Its a chanMap.mat file and a recording.dat file
image

Hi! I ran into the same thing and was able to fix it by updating the docker library to 6.1.2

See the relevant issue and PR here: docker/docker-py#3124

musall commented

Unfortunately, we are having the same issue running Docker under Windows with larger datasets. The sorter runs indefinitely (although uses large CPU and memory resources) and only creates chanMap.mat and recording.dat but doesn't start creating temp_wh.dat

We are running docker 6.1.3. so I don't think updating fully resolves this problem (currently rerunning it with downgraded 6.1.2 to make sure).

Does Docker create a log file that we can use to identify where the code gets stuck?

I'm having the same issue, also running on windows locally, for a ~90 gb concatenated neuropixels 1.0 recording.
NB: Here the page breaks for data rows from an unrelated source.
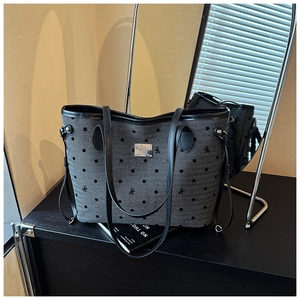 Detail of grey polka dot tote bag with leather trim and metallic brand plaque on front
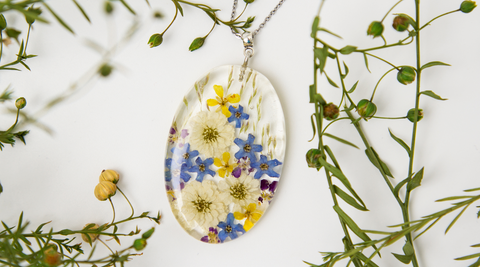 gel pendant with tiny yellow, blue and white flowers encased, and with green fronds around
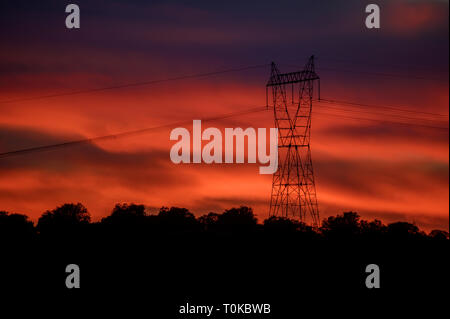 Hohe Spannung Strom Turm im Sonnenuntergang inder Landschaft Stockfoto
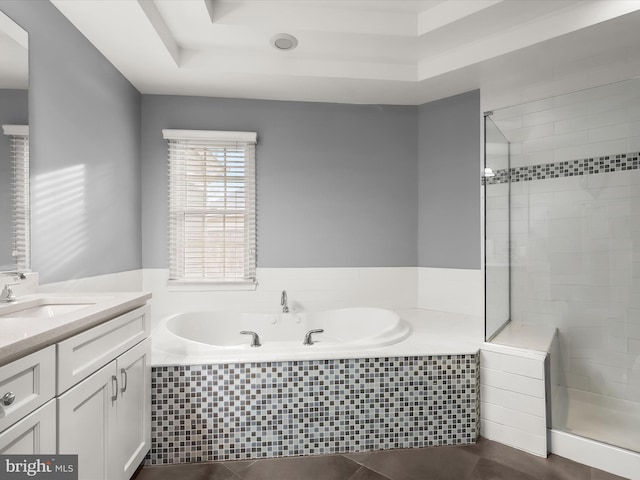 full bathroom with a tray ceiling, a garden tub, vanity, and a shower stall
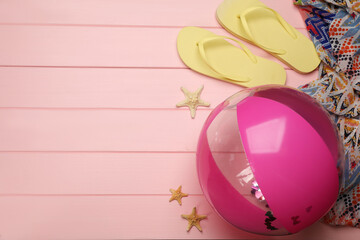 Flat lay composition with beach ball on pink wooden background. Space for text
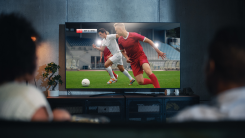 Couple on a couch watching sports on a large TV screen
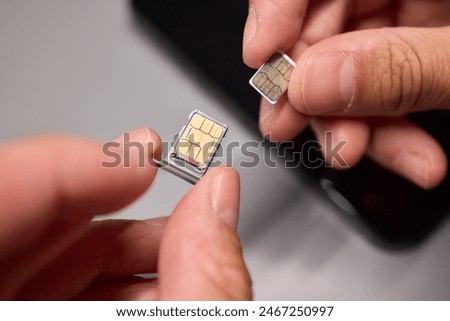 A person is performing the action of inserting a sim card into a cell phone by using hand gestures with their fingers and thumb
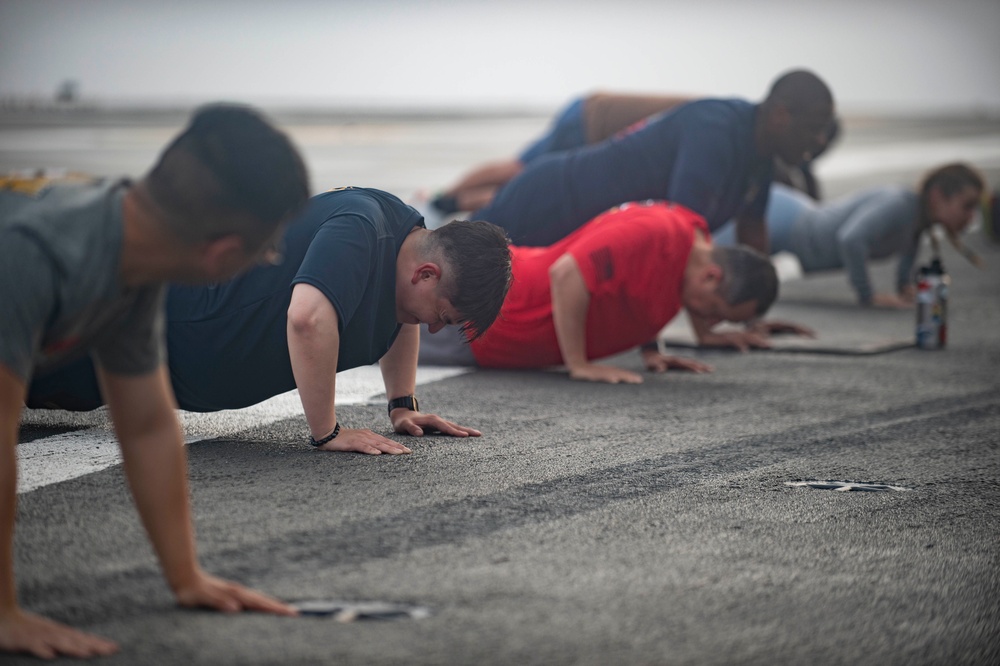 USS Ronald Reagan (CVN 76) Sailor commence flight deck PT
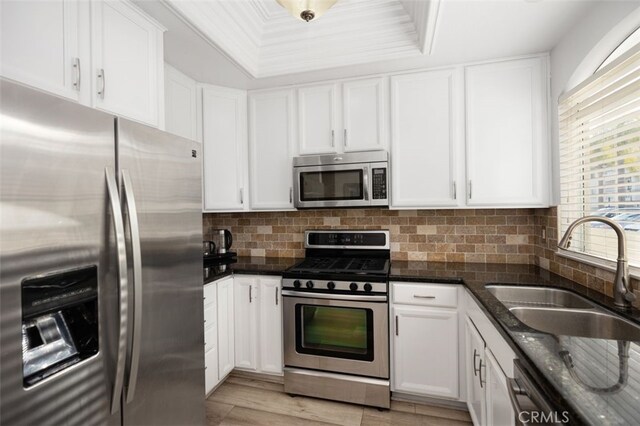 kitchen featuring a sink, decorative backsplash, white cabinets, and stainless steel appliances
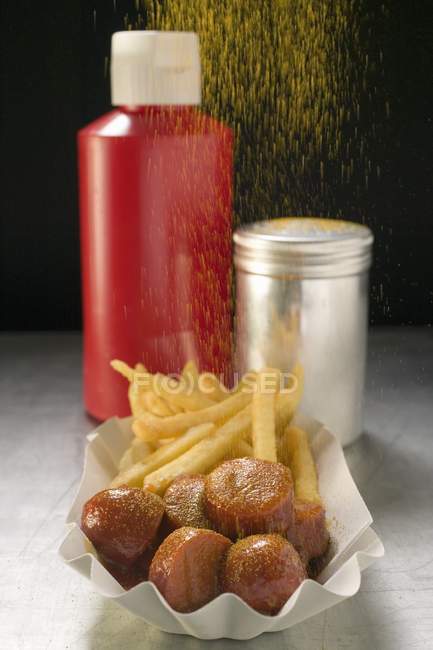 Curry powder pouring on currywurst and chips — Stock Photo
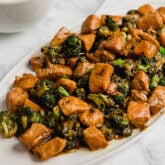 A serving platter filled with chicken and broccoli stir fry ready to be eaten.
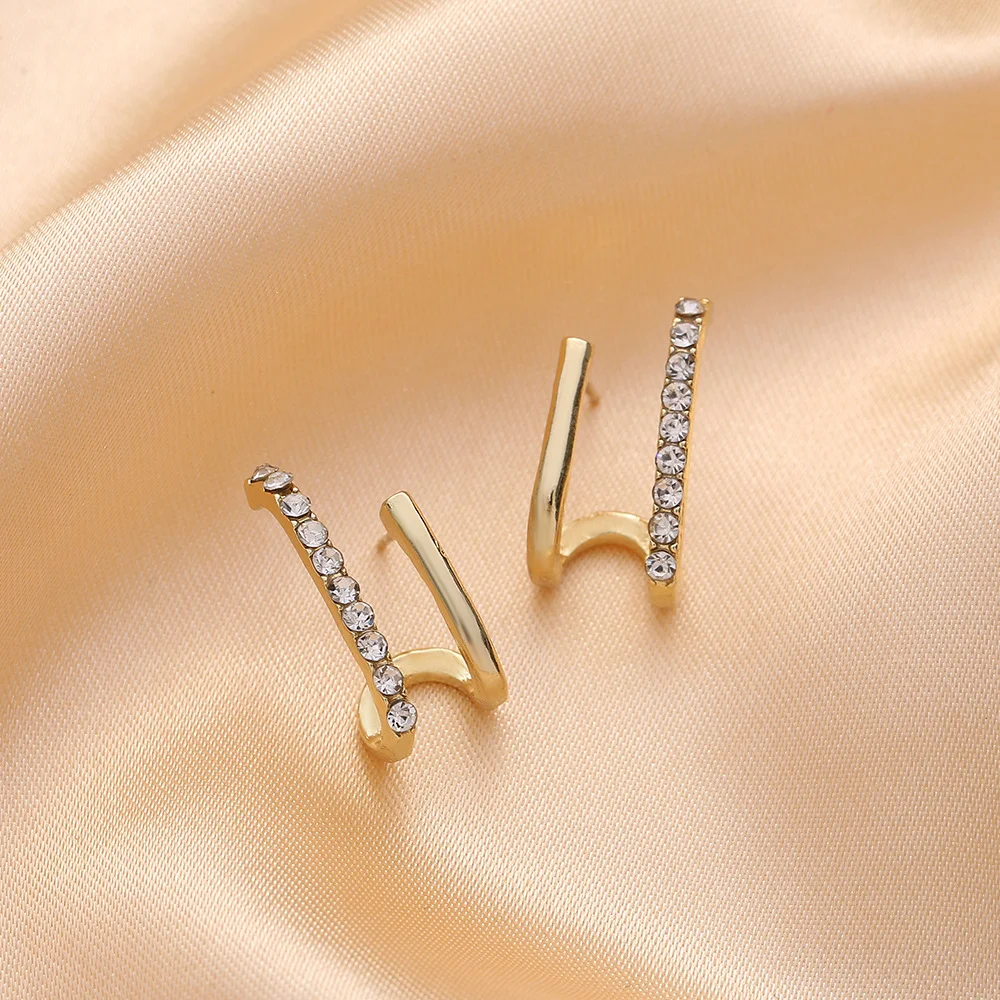 Gold & Crystal Claw Earrings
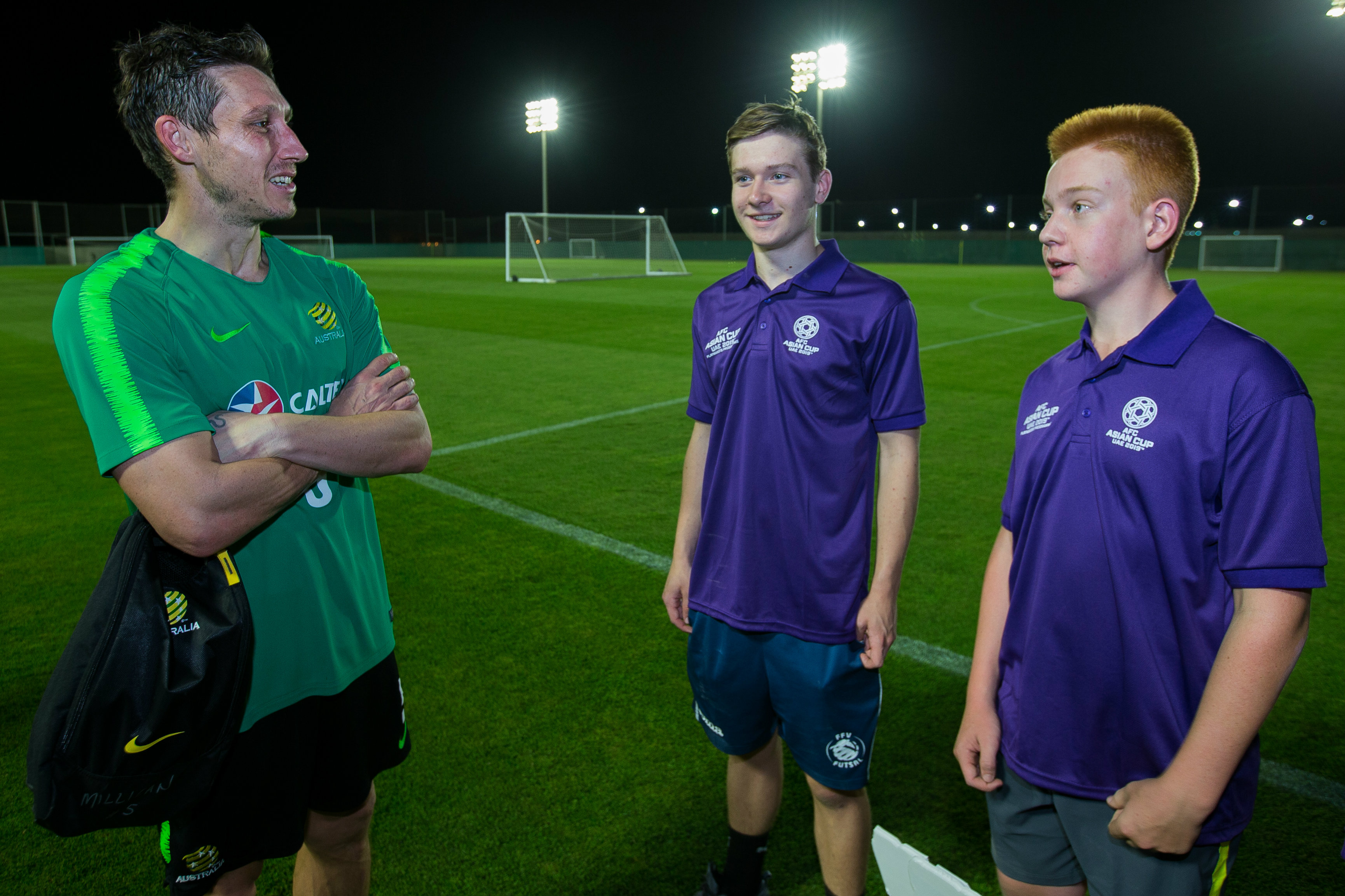 Mark Milligan chats with a couple of youngsters.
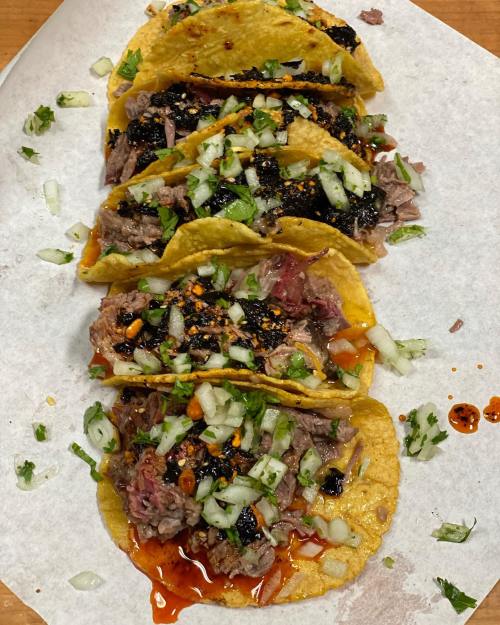 A close-up of five tacos filled with meat, topped with onions, cilantro, and sauce, served on parchment paper.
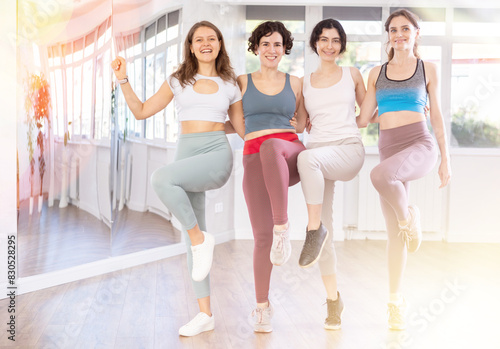 Group of girls with middle-aged woman couch perform Irish folk dance. Dance training from scratch, active leisure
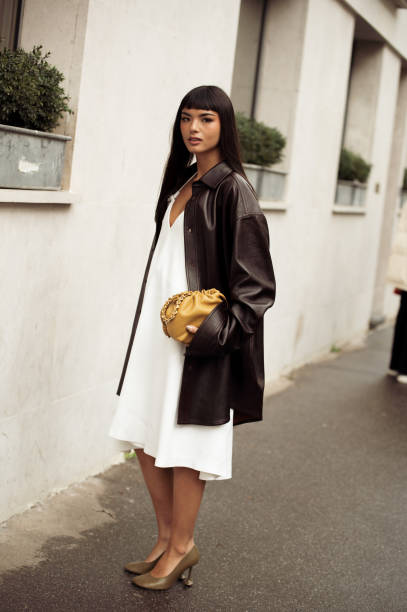 Clara Kong Vila wears white dress, brown high heels, black leather jacket and yellow bag outside the LOEWE presentation during the Womenswear...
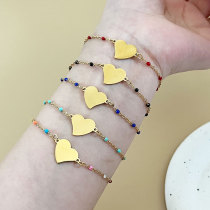 Pulseras chapadas en oro de titanio con revestimiento de acero en forma de corazón de estilo simple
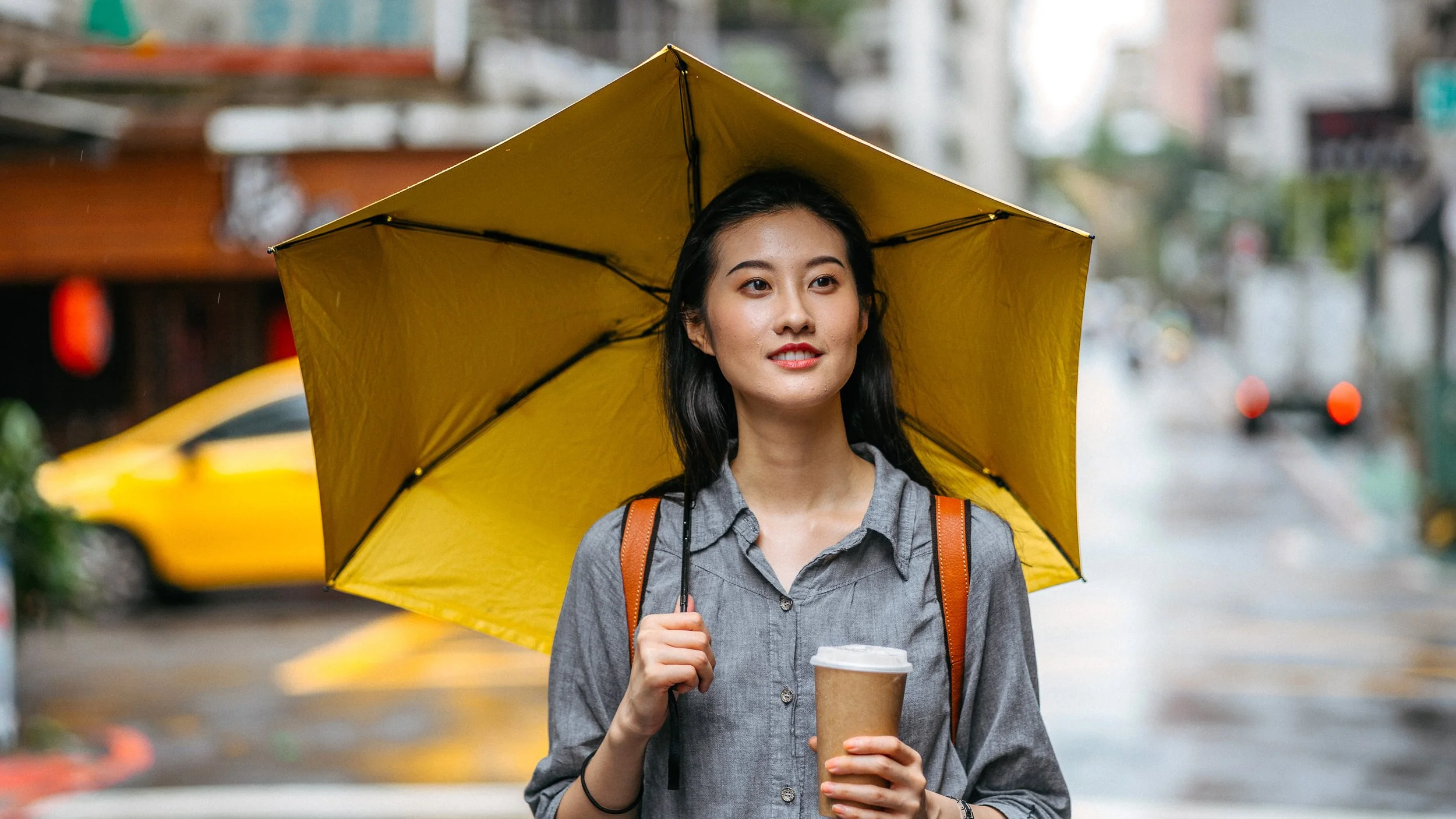 Woman holding an umbrella, symbolizing protection and confidence, accompanying an article about self‑advocacy at work.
I have docker 6.1.3. Has anyone found a solution or work around?

not sure if it's related but I'm also running into this memory overflow error #2201 when concatenating, so I changed the dtype of the recordings from int16 to int64 and I no longer get the warning but the print statement is still telling me the recording is much smaller than the actual size:

CommonReferenceRecording: 383 channels - 30.0kHz - 1 segments - 58,042,836 samples
1,934.76s (32.25 minutes) - float64 dtype - 1.63 GiB

I'm experiencing a similar issue where the Docker has been running for more than 24 hours, but there's no progress. It only created two files, chanMap.mat, and recording.dat, and then appeared to be idle without any error messages. I've checked my GPU and CPU, but they're also idle. The recording size is around 136GB (npx 1.0), and I've been able to sort it using a locally installed KS3. However, Docker's KS3 seems to be running indefinitely, and I would love to set up my workflow on Docker. Do you have any suggestions? Thanks!